#  >  > Travellers Tales in Thailand and Asia >  >  > Laos Forum >  >  > Laos Questions >  >  Thai Consulate, Vientiane, can anybody help me please

## Billabong Golf Bar

Good afternoon, I am a new member and want to know if anyone knows where the Thai Embassy is in Vientiane and a hotel not too far away from it. I am going to be there on 21st next week. Many thanks in advance for any help.
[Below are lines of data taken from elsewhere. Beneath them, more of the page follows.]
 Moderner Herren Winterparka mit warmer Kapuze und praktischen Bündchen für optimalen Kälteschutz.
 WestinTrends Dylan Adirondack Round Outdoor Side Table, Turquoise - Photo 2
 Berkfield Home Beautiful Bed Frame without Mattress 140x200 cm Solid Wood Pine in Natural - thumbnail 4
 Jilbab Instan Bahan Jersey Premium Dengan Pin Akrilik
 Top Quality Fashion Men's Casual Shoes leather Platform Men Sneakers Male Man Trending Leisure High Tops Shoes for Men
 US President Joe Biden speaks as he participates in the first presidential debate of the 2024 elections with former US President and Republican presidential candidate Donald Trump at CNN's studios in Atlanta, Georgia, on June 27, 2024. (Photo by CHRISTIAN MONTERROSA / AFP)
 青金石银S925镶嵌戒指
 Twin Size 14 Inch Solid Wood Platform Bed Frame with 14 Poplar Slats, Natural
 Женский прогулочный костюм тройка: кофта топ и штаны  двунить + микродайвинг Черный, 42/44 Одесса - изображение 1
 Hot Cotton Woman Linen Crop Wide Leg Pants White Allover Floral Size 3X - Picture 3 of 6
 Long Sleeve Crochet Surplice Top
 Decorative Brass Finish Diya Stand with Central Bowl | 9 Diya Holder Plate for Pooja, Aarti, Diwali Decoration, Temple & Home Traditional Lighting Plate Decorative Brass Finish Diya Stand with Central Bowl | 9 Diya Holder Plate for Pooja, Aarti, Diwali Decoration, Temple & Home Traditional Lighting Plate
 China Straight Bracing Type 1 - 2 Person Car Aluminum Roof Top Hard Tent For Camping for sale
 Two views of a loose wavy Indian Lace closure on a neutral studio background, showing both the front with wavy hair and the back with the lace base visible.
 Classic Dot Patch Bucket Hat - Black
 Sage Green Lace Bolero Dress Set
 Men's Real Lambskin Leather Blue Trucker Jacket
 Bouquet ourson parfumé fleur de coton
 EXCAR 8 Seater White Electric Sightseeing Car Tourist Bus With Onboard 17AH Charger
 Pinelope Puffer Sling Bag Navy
Swagman Bob

----------


## dirtydog

The Thai consulate in Vientiane has now moved round the corner to Rue Bourichane, got to admit it is quite an impressive building and a bit better organized than the old consulate.

More below with photos.

Thai Consulate Vientianne (Vientiane Thai Consulate - Embassy has moved)

----------


## Phuketrichard

Vientaine is quiet small so get a hotel anywhere.
Plenty of nice places 1-3 blocks off the river, place we stayed was 400 baht for a good size room with air con and internet and breakfast included
Vientiane travel guide - Wikitravel

----------


## Bettyboo

Any time I've visited the embassy, I've come from Nong Khai and all the drivers at the border will take you there with ease and pretty cheaply; thenj walk around and find sme nice guesthouses/hotels in the immediate vacinity; always been easy. - if you're coming from NongKhai...

----------


## Loy Toy

I hope this information helps you Bob and I am sure Nedwalk, like me is very happy your decided to join our forum.

----------


## Billabong Golf Bar

thanks to all for the info especially you Nedwalk

----------